After the writer's death, his wife Ruxandra kept the house in Dragosloveni. In 1926, she organized a cultural settlement here, which also functioned as a school for girls and a meeting place for writers. In 1958, on the occasion of the centenary of Vlahuță's birth, the house was renovated and inaugurated as the "Alexandru Vlahuță" Memorial Museum. The museum preserves furniture, books from the writer's library, magazines and objects that belonged to him and is part of the Vrancea Museum.

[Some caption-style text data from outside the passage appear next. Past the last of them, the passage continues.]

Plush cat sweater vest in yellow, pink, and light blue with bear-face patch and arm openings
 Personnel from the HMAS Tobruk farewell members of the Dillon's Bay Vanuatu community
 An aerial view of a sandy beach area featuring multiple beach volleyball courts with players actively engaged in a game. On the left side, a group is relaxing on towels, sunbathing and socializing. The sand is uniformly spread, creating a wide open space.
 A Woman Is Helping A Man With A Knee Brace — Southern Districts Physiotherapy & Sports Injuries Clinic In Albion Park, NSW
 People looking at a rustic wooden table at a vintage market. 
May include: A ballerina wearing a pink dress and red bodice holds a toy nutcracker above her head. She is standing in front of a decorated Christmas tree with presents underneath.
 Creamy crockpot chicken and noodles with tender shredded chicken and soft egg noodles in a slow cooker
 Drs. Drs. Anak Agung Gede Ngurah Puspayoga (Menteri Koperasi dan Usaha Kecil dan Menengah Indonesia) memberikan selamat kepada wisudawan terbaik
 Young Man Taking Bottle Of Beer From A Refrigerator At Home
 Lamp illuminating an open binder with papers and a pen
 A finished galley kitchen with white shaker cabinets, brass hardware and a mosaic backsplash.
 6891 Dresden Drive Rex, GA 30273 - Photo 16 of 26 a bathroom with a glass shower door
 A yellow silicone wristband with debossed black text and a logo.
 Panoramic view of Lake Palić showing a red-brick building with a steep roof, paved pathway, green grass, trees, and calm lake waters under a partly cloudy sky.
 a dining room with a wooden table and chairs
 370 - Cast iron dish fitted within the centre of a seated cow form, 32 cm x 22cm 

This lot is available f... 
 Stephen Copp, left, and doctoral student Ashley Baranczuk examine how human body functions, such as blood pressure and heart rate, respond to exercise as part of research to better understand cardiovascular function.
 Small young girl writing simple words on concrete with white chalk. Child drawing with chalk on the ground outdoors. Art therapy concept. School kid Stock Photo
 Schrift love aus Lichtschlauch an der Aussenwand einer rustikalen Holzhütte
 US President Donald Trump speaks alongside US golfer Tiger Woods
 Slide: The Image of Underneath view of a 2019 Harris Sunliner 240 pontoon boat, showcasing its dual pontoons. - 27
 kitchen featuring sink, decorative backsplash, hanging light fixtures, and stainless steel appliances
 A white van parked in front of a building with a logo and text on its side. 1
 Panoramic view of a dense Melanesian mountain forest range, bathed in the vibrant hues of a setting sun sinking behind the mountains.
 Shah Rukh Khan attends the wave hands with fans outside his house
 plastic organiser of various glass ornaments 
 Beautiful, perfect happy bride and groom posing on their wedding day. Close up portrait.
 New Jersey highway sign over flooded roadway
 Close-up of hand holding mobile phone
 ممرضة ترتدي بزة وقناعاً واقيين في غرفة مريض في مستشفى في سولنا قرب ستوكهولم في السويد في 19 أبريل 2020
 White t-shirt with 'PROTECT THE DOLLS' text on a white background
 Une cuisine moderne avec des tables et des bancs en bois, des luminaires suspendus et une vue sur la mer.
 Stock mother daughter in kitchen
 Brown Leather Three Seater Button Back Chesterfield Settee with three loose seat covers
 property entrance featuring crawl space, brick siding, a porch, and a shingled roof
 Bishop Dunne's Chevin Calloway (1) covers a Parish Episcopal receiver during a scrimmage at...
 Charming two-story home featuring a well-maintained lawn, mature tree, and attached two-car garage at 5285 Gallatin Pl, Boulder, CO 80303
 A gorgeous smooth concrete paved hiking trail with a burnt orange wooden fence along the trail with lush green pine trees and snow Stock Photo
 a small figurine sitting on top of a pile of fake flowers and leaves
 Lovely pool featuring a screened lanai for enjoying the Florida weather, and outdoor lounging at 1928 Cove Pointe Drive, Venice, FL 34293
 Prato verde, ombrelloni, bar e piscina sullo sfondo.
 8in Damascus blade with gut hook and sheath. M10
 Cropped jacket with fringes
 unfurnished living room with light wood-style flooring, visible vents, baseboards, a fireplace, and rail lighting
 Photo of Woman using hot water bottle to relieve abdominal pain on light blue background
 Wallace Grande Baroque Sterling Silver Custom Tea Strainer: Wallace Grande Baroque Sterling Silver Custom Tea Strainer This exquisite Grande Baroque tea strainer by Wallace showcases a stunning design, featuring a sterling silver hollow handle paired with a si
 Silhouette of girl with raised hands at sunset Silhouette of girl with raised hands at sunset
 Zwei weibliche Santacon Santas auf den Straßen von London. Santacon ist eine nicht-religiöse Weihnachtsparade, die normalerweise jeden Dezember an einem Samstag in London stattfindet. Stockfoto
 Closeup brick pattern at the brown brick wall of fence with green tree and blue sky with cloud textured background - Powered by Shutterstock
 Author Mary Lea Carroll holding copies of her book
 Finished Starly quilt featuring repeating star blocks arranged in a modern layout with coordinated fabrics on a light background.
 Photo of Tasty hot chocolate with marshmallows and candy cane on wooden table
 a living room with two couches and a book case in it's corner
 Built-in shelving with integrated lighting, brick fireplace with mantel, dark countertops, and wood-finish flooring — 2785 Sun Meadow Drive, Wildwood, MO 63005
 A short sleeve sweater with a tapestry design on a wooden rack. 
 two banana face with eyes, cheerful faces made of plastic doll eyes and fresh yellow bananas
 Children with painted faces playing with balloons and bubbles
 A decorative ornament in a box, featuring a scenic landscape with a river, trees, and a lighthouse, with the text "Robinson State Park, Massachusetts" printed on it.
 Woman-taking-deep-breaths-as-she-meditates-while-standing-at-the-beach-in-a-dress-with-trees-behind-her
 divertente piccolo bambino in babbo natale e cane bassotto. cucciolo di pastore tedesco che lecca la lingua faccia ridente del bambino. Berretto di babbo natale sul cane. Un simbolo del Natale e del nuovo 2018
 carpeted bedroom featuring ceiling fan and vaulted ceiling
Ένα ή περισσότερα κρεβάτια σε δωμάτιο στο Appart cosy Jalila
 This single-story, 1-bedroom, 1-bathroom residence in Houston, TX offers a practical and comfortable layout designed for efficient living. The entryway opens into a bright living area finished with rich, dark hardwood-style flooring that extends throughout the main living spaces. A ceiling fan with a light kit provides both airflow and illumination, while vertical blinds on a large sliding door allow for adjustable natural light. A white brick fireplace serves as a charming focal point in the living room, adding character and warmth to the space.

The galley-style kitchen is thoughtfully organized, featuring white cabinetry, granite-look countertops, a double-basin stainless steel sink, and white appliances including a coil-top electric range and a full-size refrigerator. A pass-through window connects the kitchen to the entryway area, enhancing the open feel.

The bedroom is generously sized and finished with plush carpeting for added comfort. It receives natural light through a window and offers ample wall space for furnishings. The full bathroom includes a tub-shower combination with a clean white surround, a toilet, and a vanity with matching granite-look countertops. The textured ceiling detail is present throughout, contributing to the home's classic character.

The Alexandru Vlahuță Memorial House in Agapia is located in a building built in 1885 by the writer's older sister as a residence for nuns. Vlahuță's mother also lived in this house, and the writer came here during the summer. In 1902, he expanded the building with a literary salon and two other rooms. Among those who were guests of the house were Ion Luca Caragiale, Barbu Ștefănescu Delavrancea, Octavian Goga and George Coșbuc. The memorial museum was established in 1953.

In 1948, Vlahuță was posthumously elected a member of the Romanian Academy. In 1956, the villages of Pleșești and Pătrășcani were reunited, and the new locality was named Alexandru Vlahuță, in the context of the approaching centenary of the writer's birth.

The writer's name is also borne by several educational institutions, including the "Alexandru Vlahuță" National College in Râmnicu Sărat, the "Alexandru Vlahuță" Technological High School in Podu Turcului, the "Alexandru Vlahuță" Theoretical High School in Bucharest, and the "Alexandru Vlahuță" Junior High School in Iași.